Addicts and alcoholics that stay sober for the long term, usually build their foundation of sobriety by working the 12 Steps under the guidance and direction of their sponsor. Any question you have about relationships can usually be answered by working the twelve Steps and by building a very close relationship with your sponsor.
Never hesitate to bring any of your questions to your sponsor. When we get sober, our minds, emotions and our spirits are still healing, and we need a good listener to help us. Your sponsor is the one to go to. If you want to supplement the help that you get from your sponsor, you can get a counselor who can also be helpful. As several old timers told me over the years, and as the Big Book of Alcoholics Anonymous states, “We must be willing to go to any lengths to get and stay sober”.

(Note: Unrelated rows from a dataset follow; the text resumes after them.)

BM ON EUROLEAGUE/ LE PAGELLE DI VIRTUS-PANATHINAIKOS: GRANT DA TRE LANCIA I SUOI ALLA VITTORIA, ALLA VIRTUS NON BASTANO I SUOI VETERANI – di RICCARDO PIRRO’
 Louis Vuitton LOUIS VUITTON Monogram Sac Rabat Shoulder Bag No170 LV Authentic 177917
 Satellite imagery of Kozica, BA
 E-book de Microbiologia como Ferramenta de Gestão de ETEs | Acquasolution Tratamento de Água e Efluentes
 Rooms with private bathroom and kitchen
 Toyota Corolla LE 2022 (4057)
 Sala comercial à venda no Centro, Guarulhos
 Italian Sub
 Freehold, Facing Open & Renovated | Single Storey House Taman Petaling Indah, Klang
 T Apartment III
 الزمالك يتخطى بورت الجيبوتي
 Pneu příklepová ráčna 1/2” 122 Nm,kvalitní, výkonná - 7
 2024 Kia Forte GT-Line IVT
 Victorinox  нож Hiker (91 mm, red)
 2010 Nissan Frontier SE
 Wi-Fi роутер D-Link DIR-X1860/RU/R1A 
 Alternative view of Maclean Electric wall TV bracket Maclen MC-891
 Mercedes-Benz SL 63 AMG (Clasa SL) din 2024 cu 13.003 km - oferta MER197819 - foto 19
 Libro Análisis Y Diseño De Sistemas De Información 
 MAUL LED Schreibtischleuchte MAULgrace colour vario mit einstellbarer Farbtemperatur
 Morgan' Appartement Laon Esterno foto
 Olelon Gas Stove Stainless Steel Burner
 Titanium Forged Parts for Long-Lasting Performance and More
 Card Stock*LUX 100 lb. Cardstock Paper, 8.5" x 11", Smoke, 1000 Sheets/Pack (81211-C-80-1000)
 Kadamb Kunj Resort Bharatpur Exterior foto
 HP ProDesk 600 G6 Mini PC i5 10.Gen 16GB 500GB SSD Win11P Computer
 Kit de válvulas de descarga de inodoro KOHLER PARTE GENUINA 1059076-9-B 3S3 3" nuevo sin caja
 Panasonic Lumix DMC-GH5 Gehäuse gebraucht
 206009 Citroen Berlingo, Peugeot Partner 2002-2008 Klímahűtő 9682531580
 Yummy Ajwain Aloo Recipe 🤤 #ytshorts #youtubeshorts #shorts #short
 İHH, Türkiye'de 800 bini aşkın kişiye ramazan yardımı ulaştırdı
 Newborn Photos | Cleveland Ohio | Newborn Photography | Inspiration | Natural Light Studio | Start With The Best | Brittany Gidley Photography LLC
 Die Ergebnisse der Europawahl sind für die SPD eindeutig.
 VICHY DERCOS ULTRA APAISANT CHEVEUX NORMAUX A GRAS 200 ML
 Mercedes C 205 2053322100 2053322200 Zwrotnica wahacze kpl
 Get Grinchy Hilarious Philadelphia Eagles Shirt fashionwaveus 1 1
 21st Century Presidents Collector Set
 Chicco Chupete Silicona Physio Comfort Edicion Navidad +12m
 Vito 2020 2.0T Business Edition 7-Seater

Grateful addicts and alcoholics almost always stay sober. Addicts that help other addicts to get and stay sober also stay sober themselves. I am here to encourage you and to give you hope and faith, that if Jesus can get me sober and free, He can get you sober and free too! Surrender to God and give Him your life just as it is now, stay forever grateful, and work with your sponsor to live all of the 12 Steps. Read the “Promises on page 84 of the Big book of Alcoholics Anonymous. You will enjoy the privilege, honor and joy of helping others. Peace, Love and Blessings to you!